Zieht es mich wirklich nach Ghana oder möchte ich nur vorweisen (oder auch mir selbst beweisen), dass ich stark und erfahren genug bin, um so ein Auslandssemester zu absolvieren?
Wie gehe ich mit Ungerechtheiten um, wenn mir doch schon in der Bonner Innenstadt zu schaffen macht, wenn Menschen auf der Straße leben und betteln, oder offensichtlich drogenabhängig sind.

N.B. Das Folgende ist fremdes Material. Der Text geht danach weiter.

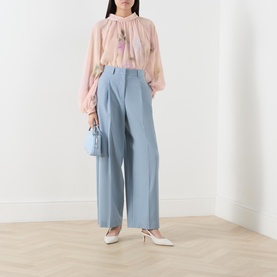 Fonte Tailored Wide Leg Trousers
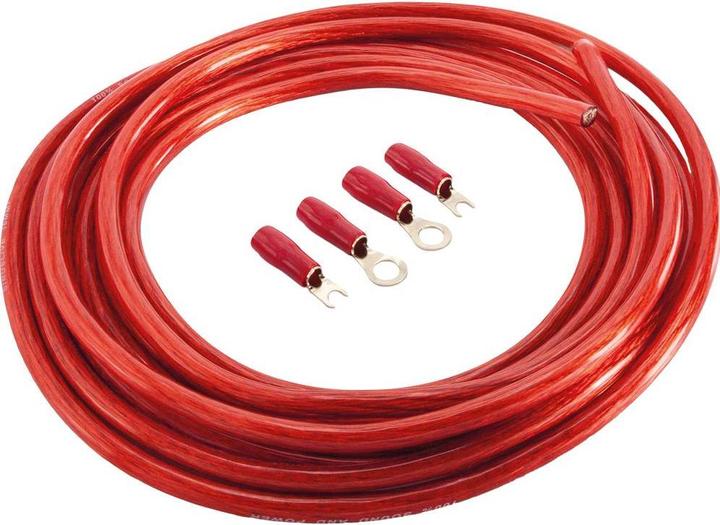 Sinuslive Car HiFi Stromkabel Set Sinus Live Batteriekabel
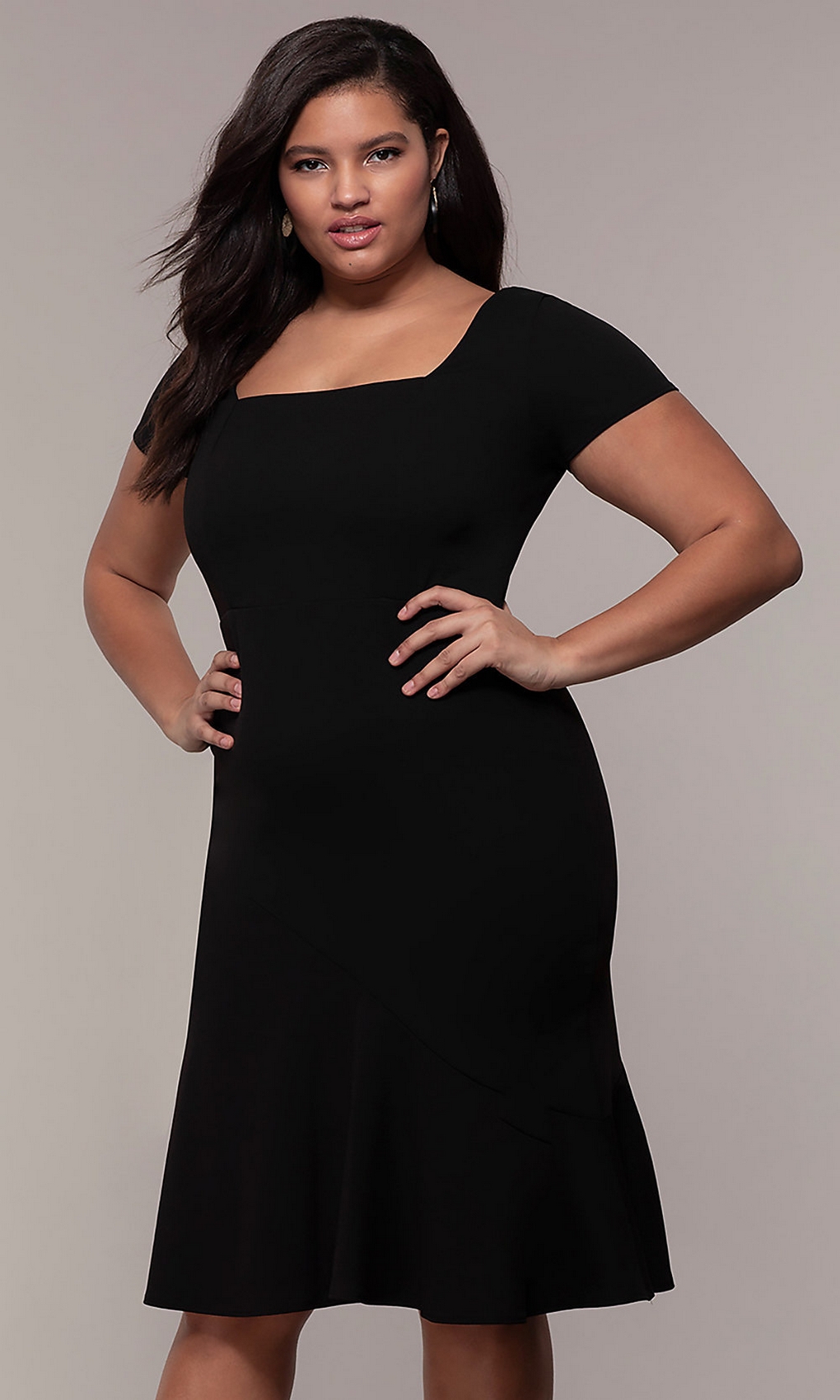 80 Plus Size Wedding Guest Dresses with Sleeves for Women Ideas 10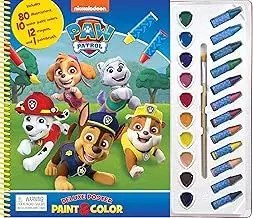 PHIDAL PUBLISHING - Paw Patrol Deluxe Poster Paint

Meiner Ansicht nach kann ich mich jetzt hier in dieser Trockenübung noch ewig im Kreis drehen und werde für dei verschiedenen Standpunkte, das Für und Wider, genug Argumente finden. Ich denke, mit Argumenten komme ich hier nur bedingt weiter. Ich gehe nach Accra an eine Uni, bei der ich in einem gesichterten Wohnheim mit 24/7 Security leben werde. Wenn mir also alles dort spanisch vorkommt und ich mich unsicher fühlen sollte in der Hauptstadt, gibt es immer noch den großen Campus mit international Programme Office, mit Märkten und Gemeinden und meinen Kursen, die ich dort belegen kann.
Und wenn auch das nicht reicht, nehme ich mir den Druck raus, indem ich mit vorbehalte, das Semester jederzeit abbrechen zu können, wenn es mir nicht gut tut.